El primer paso en este
cambiode políticas se dio el 14 de agosto de 2001, cuando se publicó la reforma constitucional sobre derechos indígenas que reconoce el derecho de los pueblos indígenas a
preservar sus lenguas, conocimientos y todos los elementos que constituyan su identidad cultural. Dos años después se modificó la Ley General de Educación para asegurar que
los hablantes de lenguas indígenas tendrán acceso a la educación obligatoria en su propia lengua y español, disposición que ha resultado una quimera porque en las escuelas se sigue enseñando con los programas del siglo pasado. Ese año también se aprobó la Ley General de Derechos Lingüísticos de los Pueblos Indígenas, reconociendo el
derecho de todo mexicano [de] comunicarse en la lengua de la que sea hablante, sin restricciones en el ámbito público o privado, en forma oral o escrita, en todas sus actividades sociales, económicas, políticas, culturales, religiosas y cualesquiera otras. Vana ilusión ante la ausencia de políticas públicas para lograrlo.

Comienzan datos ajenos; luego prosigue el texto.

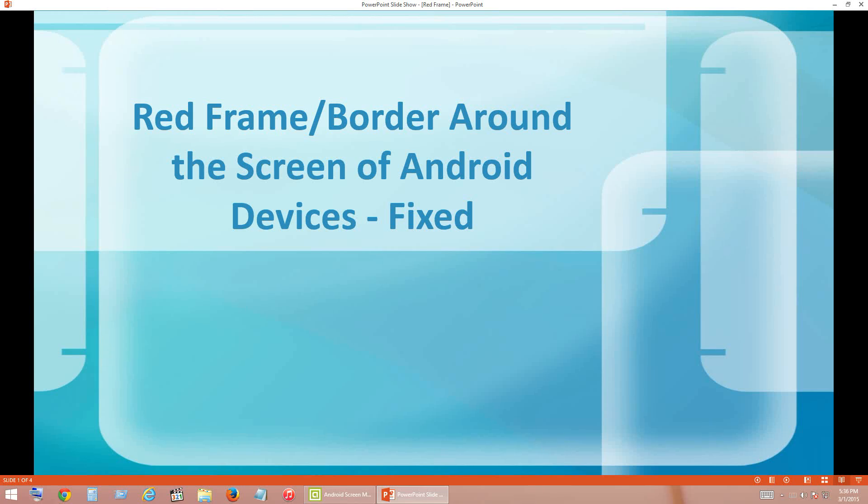Hello friends, welcome to Cygnus Tutorials. In this video we will see how to fix the flashing red frame issue or border on your Android device. This could be your Android tablet or your Android phone.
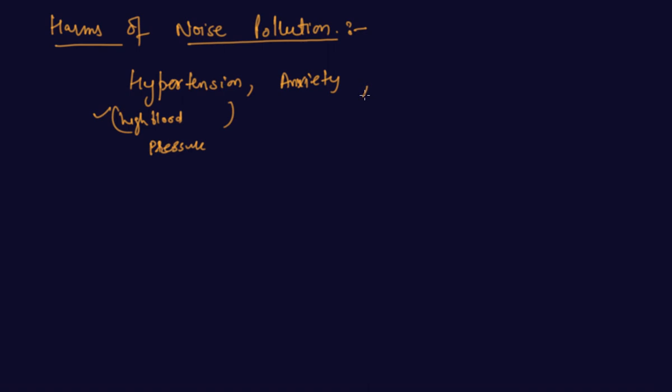It can be lack of sleep, means insomnia. A person will not be able to sleep properly. So these are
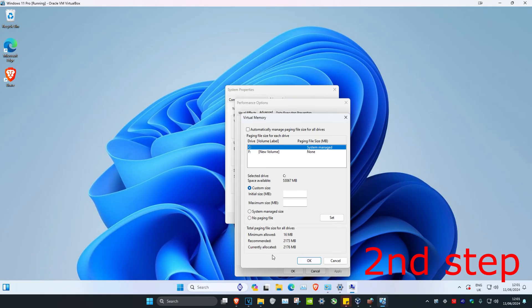And now for the initial size, you want to put this as your recommended right here. So for me, it's going to be 2173.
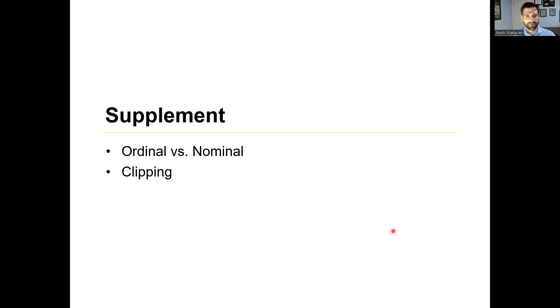Welcome back. In this supplement, we're going to talk about two topics: ordinal versus nominal data, as well as clipping. Let me share my screen — here is the intro slide.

Para vigilar el cumplimiento de estas disposiciones se creó el
Instituto Nacional de Lenguas Indígenas. Algunos estados no se quisieron
quedar atrás y crearon sus propias instituciones: el Centro de Estudios
y Desarrollo de las Lenguas Indígenas, en Oaxaca; el Instituto para el
Desarrollo de la Cultura Maya, en Yucatán; la Academia Veracruzana de
las Lenguas Indígenas, en Veracruz; el Instituto Estatal de las Lenguas
Indígenas e Investigaciones Pedagógicas, en San Luis Potosí; el Centro
Estatal de Lenguas Indígenas, en Hidalgo, y el Centro Estatal de
Lenguas, Arte y Literatura Indígenas, de Chiapas. La seriedad con que el
asunto se trató quedó clara en los casos de Campeche y Michoacán, que
legalmente crearon instituciones de este tipo pero en la práctica nunca
se instalaron; en otros –como Oaxaca–, la institución quedó paralizada
porque no se aprobó una ley que rigiera sus actos. Y las lenguas
siguieron desapareciendo.
Ya ha pasado el año internacional de las lenguas pero, como sucedió
con el año internacional de los pueblos indígenas, que a su término se
decretó un decenio con el fin de que los gobiernos hicieran lo que no
hicieron en un año, en este también se ha decretado la década de las
lenguas indígenas, que comenzará dentro de dos años. Es poco lo que se
puede esperar de las instituciones durante esa década si el problema no
se trata con seriedad y se dejan atrás las políticas implementadas desde
la aprobación de la Ley General de Derechos Lingüísticos y la creación
del Instituto Nacional de Lenguas Indígenas y se formula, junto con los
pueblos, una radicalmente distinta, que responda a sus necesidades
urgentes y de largo plazo. Pero para que eso tenga resultados positivos
debe hacerse poniendo en el centro el uso público de las lenguas
indígenas. Es la mejor manera de evitar que sigan desapareciendo. Es
decir, que dejen de ser lenguas colonizadas.